"""

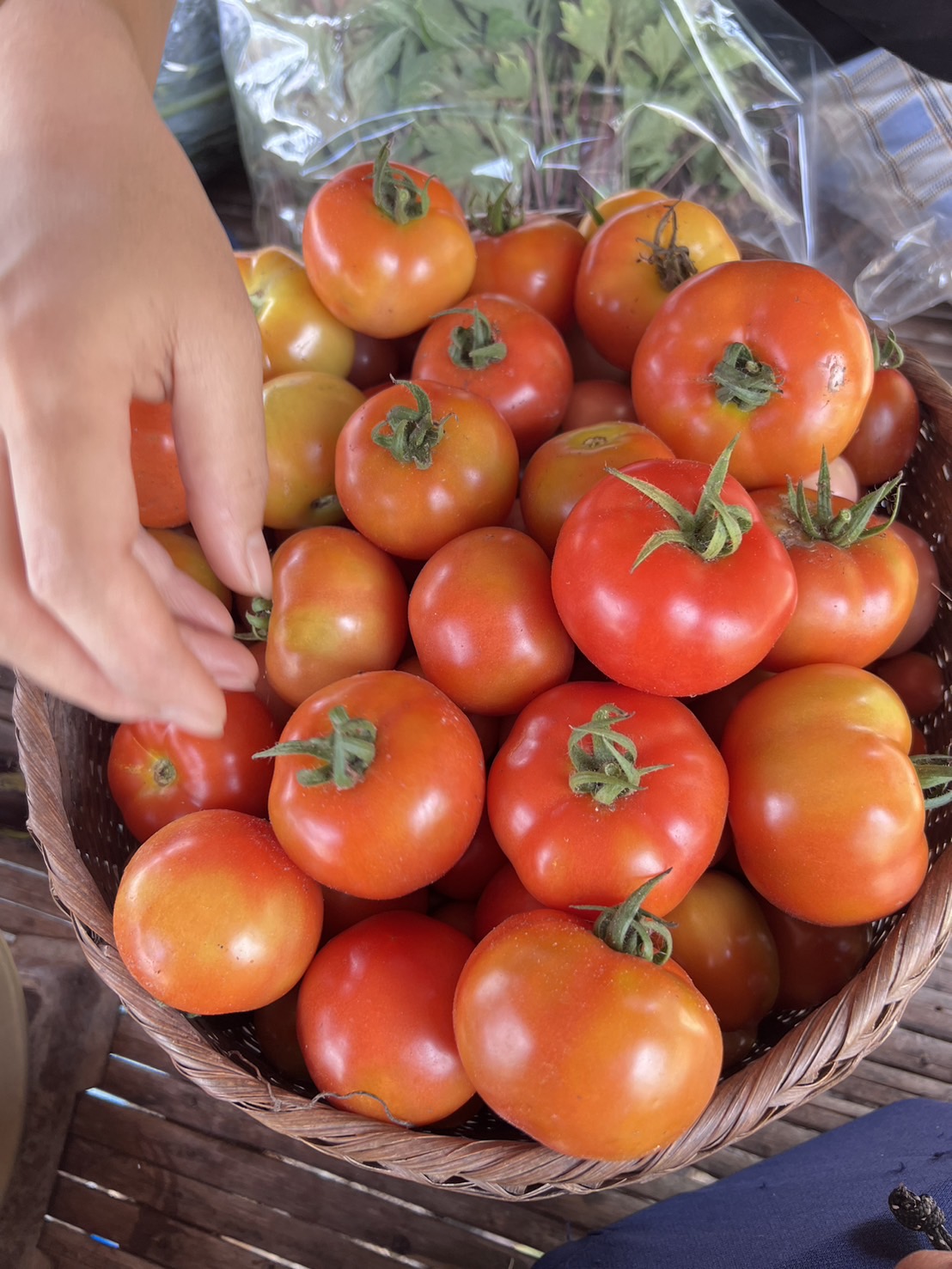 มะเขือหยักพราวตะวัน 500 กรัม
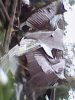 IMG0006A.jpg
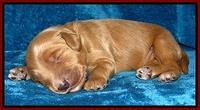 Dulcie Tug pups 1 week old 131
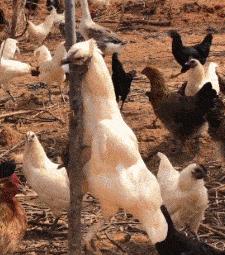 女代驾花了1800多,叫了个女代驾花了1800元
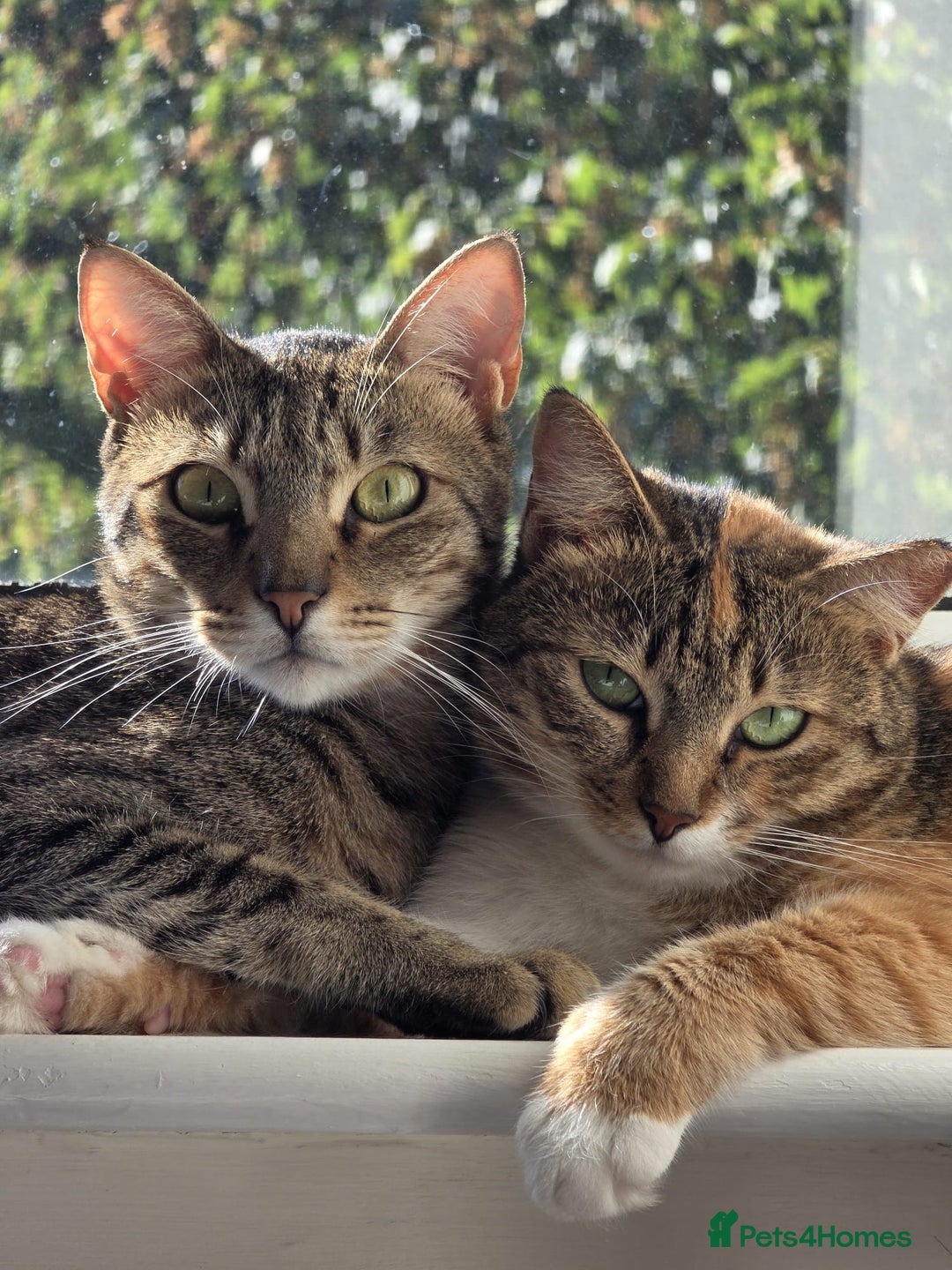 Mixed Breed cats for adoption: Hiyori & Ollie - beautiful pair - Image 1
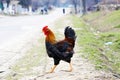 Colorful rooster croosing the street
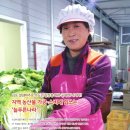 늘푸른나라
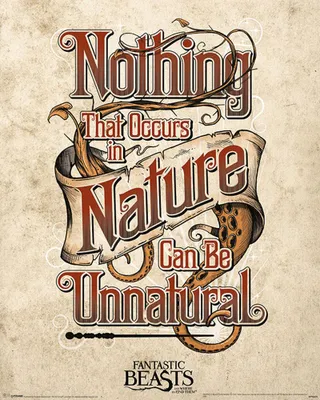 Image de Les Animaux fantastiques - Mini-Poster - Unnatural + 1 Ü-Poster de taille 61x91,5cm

"""

■ **Description of the task**:
Begin with the line holding "Mixed Breed cats" and end with the last line of the listing. Reproduce each of those lines exactly, and leave every picture out.

■ **Answer area**:
 Mixed Breed cats for adoption: Hiyori & Ollie - beautiful pair - Image 1
 Colorful rooster croosing the street
 늘푸른나라
 Image de Les Animaux fantastiques - Mini-Poster - Unnatural + 1 Ü-Poster de taille 61x91,5cm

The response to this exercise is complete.